The National Weather Service has now warned us of an upcoming second crest of even greater proportions than the first crest. This post is to help those of us who continue to be surrounded by our basement contents, try to put some normalcy back into our lives. This post is also to help you be the most prepared that you can be if you are ever faced with a natural disaster of epic proportions.
- Take the time to go through your possessions now, before they go back in storage. This process will take some time, invest in the time now! Do not expect this to take an afternoon and do not be hard on yourself for getting everything back in its place now.
- Take a picture of your house and all of its contents, put it in a safe place such as a water proof safe. You may need this for insurance purposes later on.

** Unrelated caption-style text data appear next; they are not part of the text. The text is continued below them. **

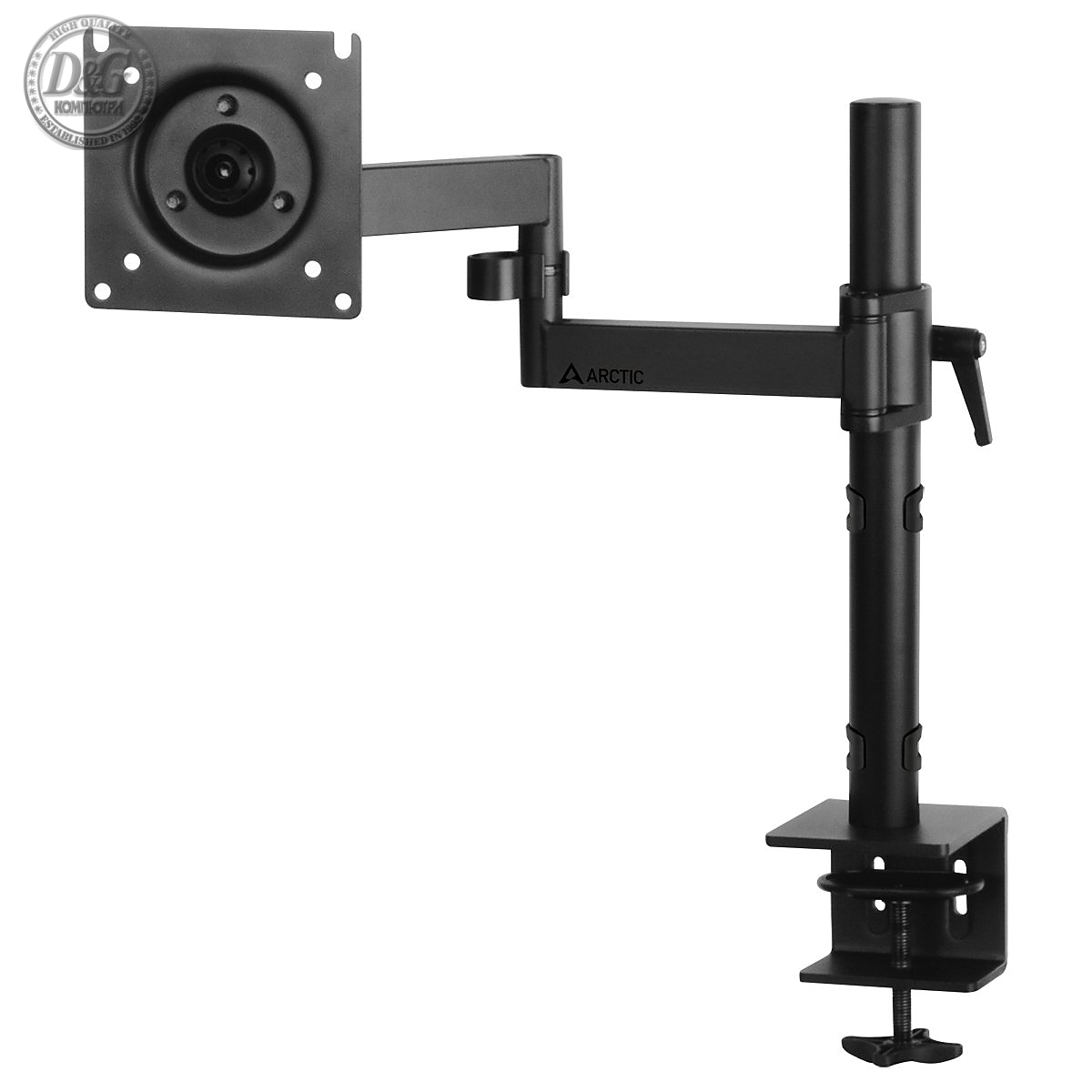 Arctic Стойка за монитор за бюро Desk Mount Monitor - X1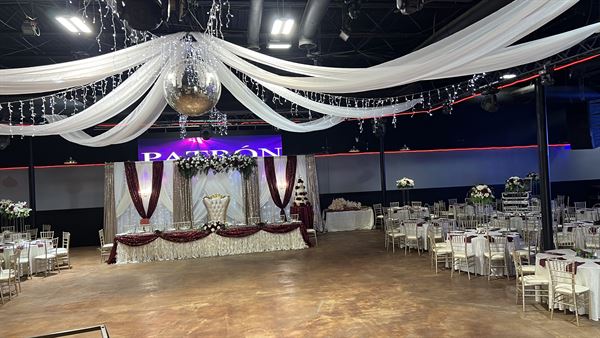 Patron Event Center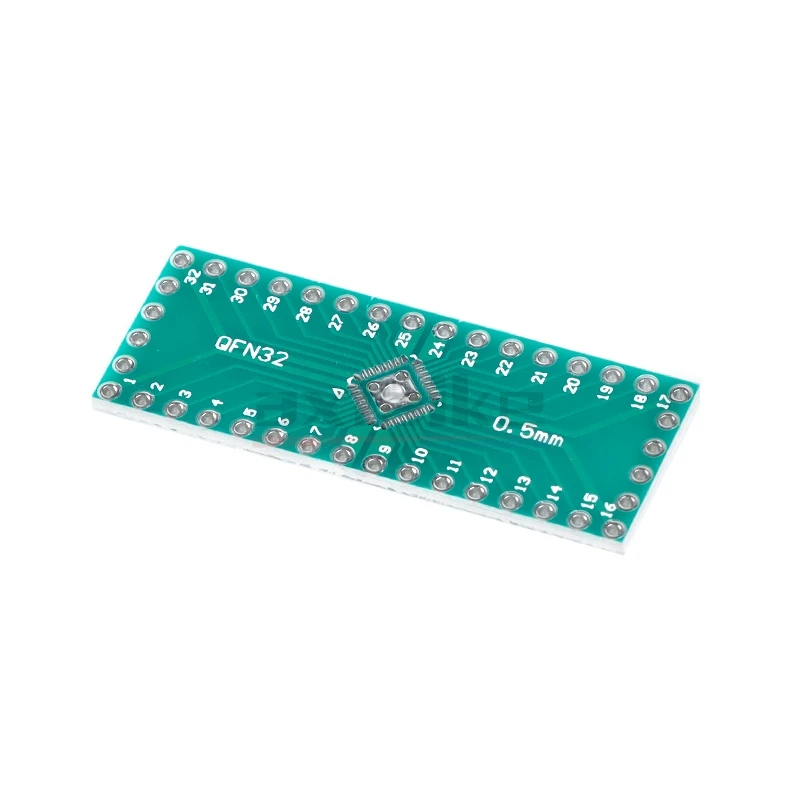 Qfn32 qfn40 к плату передачи dip - Фотография_5
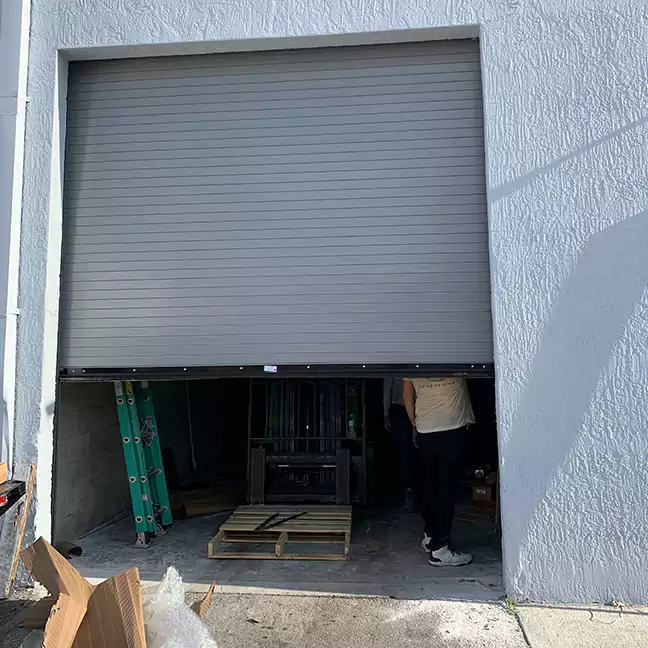 Automatic Roll Up Garage Door Experts in Sunrise, FL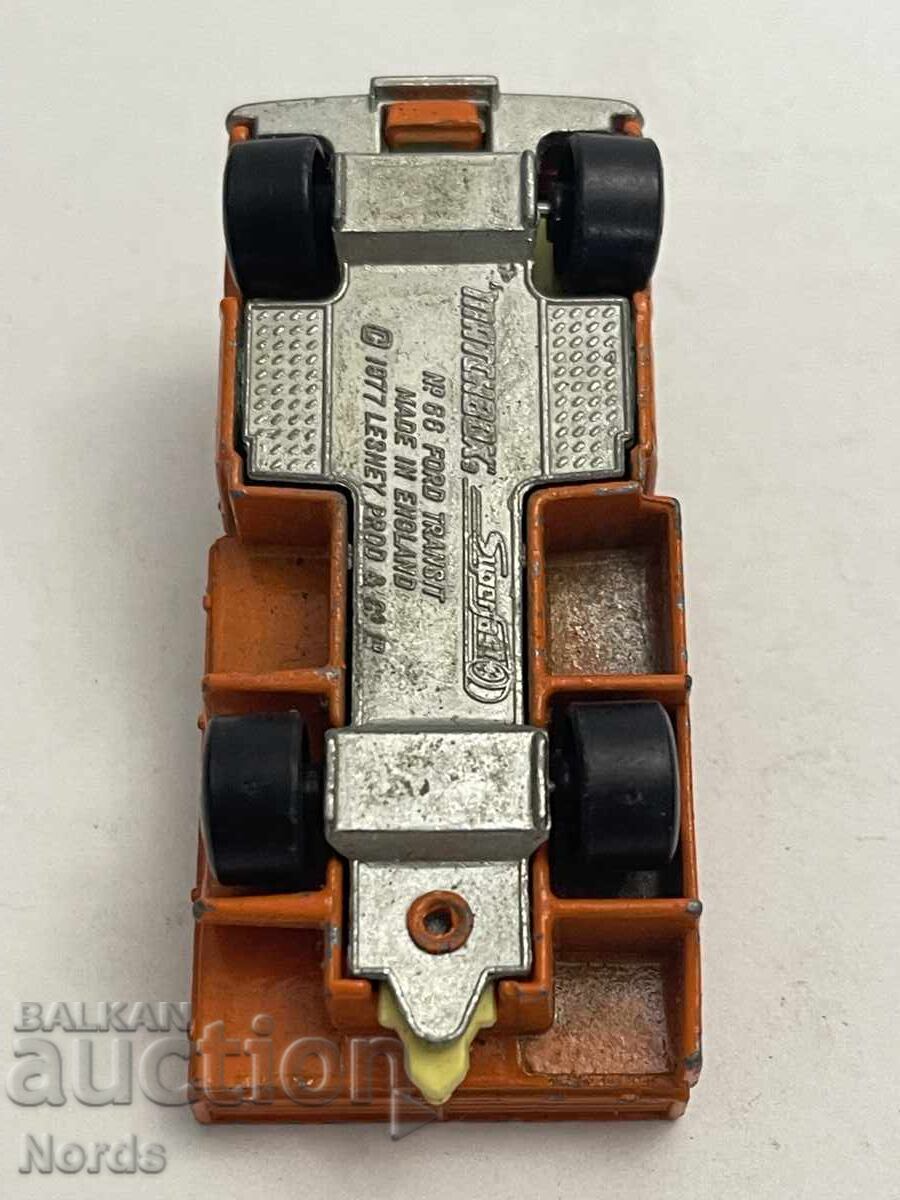 MATCHBOX trolley - 5 MATCHBOX trolley - 5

- Grab a friend and do both of your organizing projects together. It is always best to get a fresh set of eyes, and especially when those eyes do not see the sentimental attachment to what is being sorted.
- Donate what you think other people would find useful. Don't just donate items to get it out of your house. Donate with purpose. Maybe you have an extra coffee pot that a family who have been displaced would appreciate.
- Place your items in plastic bins and totes. If you ever had to carry wet boxes you suddenly realize how heavy water can be. A favorite to use is Space Bags. These cool organizing products take large items like clothing, blankets and stuffed animals and literally sucks the air right out of them and compresses them to 1/10 of the size in a water proof container.
- Look at your items and really decide if you use it or if you are just holding on to it for sentimental reasons. A good rule of thumb, if you haven't looked at it or used it in 6 months, it is time to get rid of the item as you are only holding on to it for sentimental reasons.
- Place all of the items you can't live without in an easy to grab location, so if you do have to evacuate, you or your family know exactly where the items are and can grab them in an emergency.
- Photos need some special attention. Scan those priceless one of a kind photos into your computer and save them on an outside server such as Snapfish, so that they can be accessible from wherever, whenever. A teenager in your household can easily take on this project.
- Many of us are now lost without our computers. Make sure that you have a plan for your computer. If you have a large, cumbersome desktop computer, invest in an external hard drive. Save all important documents on a regular basis so that if you need to leave your home quickly, you can grab that external hard drive as you leave the house without the fear of losing any important information .
- As you get the all clear to pull those drain plugs out of the drains, label them with sharpie marker and place in a zip lock bag. So if the mayor ever tells you to plug your drains, you can simply grab the bag of drain plugs and quickly get the job done.
Plan now and be prepared for the worst case scenario but hope that you never will come upon that scenario. Remember to really work on what is important to you and your family and you will soon realize that it is not your possessions, but it is your loved ones and as long as they are safe, you have everything you need in life.